I think it works without const.

Sorry, for the post. Maybe can be helpful.

david.garcia · March 16, 2011, 11:07am

Notice also that “row” and “col” are inverted.

get_global_id(0) will return values between 0 and WIDTH -1, so it should be assigned to “col”.

wrx · March 17, 2011, 1:12am

Yes, you’re right. thanks. It works cause height and width have same size.

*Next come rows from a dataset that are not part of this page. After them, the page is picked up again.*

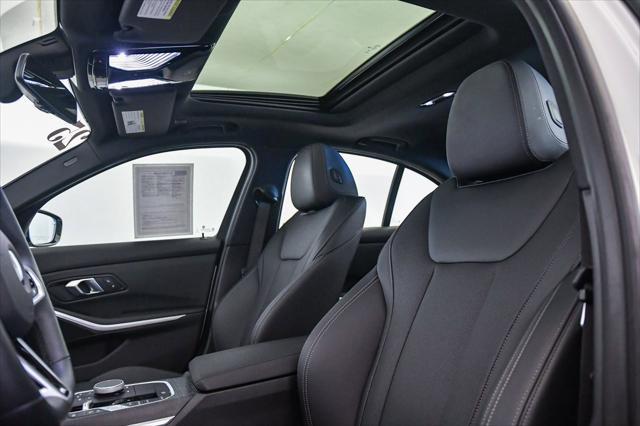 used 2025 BMW 330 car, priced at $52,425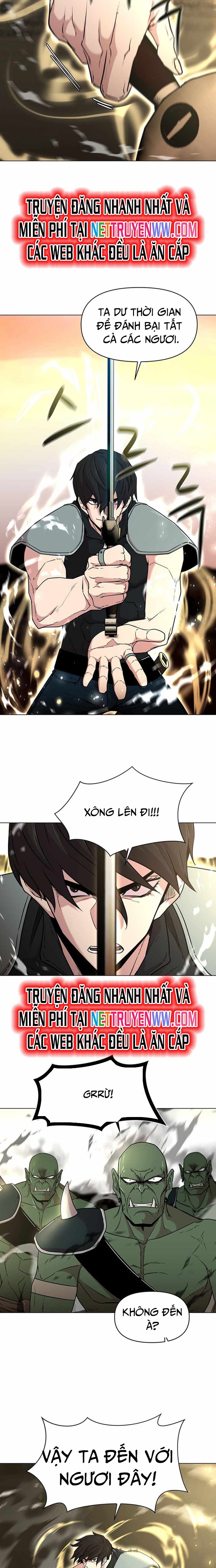 Lãng Khách Một Mình Chapter 27 - Trang 2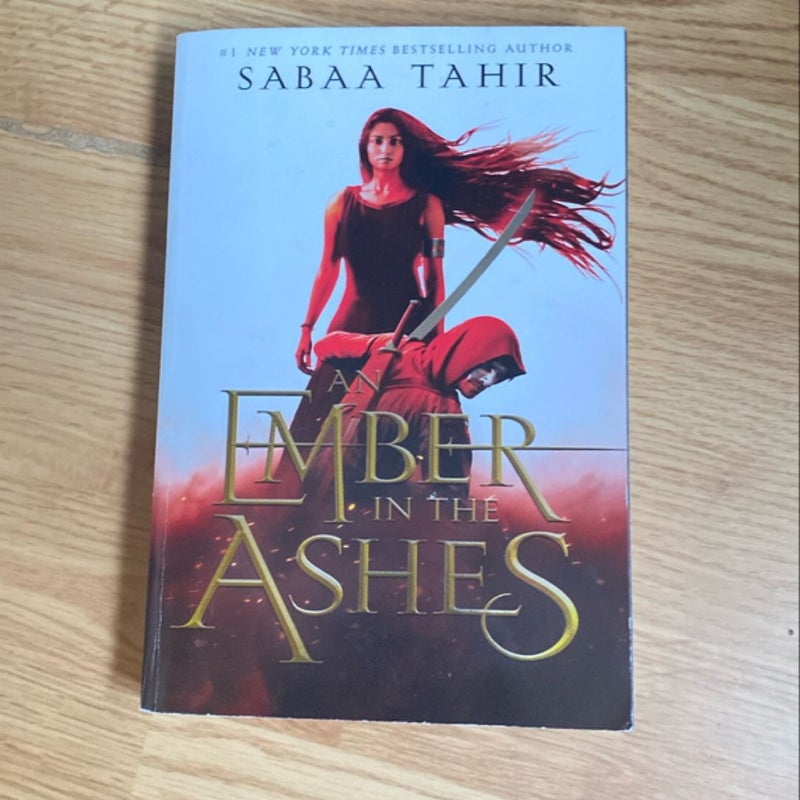 An Ember in the Ashes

Furthermore, I think I can continue here, cause the code than I exposed was a part of the problem.
I’m working on dilate, erode, closing, opening filter. Dilatation and erosion works well.But closing operation give partial non-treated (or something else) pixels lines:

If I re-execute the same code, the new image have other lines with the problem :

writing to buffer (CL_MEM_READ_WRITE) is done after barrier:


__kernel void Closing(__global unsigned char *a, __global unsigned char *c)
{
    int row = get_global_id(1);
    int col = get_global_id(0);
	unsigned char pixel,neighborhood[9];

//*
	if(row > 0 && row < HEIGHT-1 && col > 0 && col < WIDTH-1)
	{
		neighborhood[0]= a[(row-1)*WIDTH + col-1];
		neighborhood[1]= a[(row-1)*WIDTH + col];
		neighborhood[2]= a[(row-1)*WIDTH + col+1];

		neighborhood[3]= a[row*WIDTH + col-1];
		neighborhood[4]= a[row*WIDTH + col];
		neighborhood[5]= a[row*WIDTH + col+1];

		neighborhood[6]= a[(row+1)*WIDTH + col-1];
		neighborhood[7]= a[(row+1)*WIDTH + col];
		neighborhood[8]= a[(row+1)*WIDTH + col+1];

		pixel = Max(neighborhood, 9);	//dilate
	}
	else
	{
		pixel = a[row*WIDTH+col];
	}
//*/

	barrier(CLK_GLOBAL_MEM_FENCE);
	a[row*WIDTH + col] = pixel ;	// writing problem ? or barrier problem or maybe not here
	barrier(CLK_GLOBAL_MEM_FENCE);

//*
	pixel = a[row*WIDTH+col];

	if(row > 0 && row < HEIGHT-1 && col > 0 && col < WIDTH-1)
	{
		neighborhood[0]= a[(row-1)*WIDTH + col-1];
		neighborhood[1]= a[(row-1)*WIDTH + col];
		neighborhood[2]= a[(row-1)*WIDTH + col+1];

		neighborhood[3]= a[row*WIDTH + col-1];
		neighborhood[4]= a[row*WIDTH + col];
		neighborhood[5]= a[row*WIDTH + col+1];

		neighborhood[6]= a[(row+1)*WIDTH + col-1];
		neighborhood[7]= a[(row+1)*WIDTH + col];
		neighborhood[8]= a[(row+1)*WIDTH + col+1];

		pixel = Min(neighborhood, 9);	//erode

	}
	else
	{
		pixel = a[row*WIDTH+col];
	}
//*/
	c[row*WIDTH+col] = pixel;
}

Did you have an opinion on this issue?
Thanks!

wrx · March 17, 2011, 7:27am

I tested it several time and the problem occurs when I write something to buffer.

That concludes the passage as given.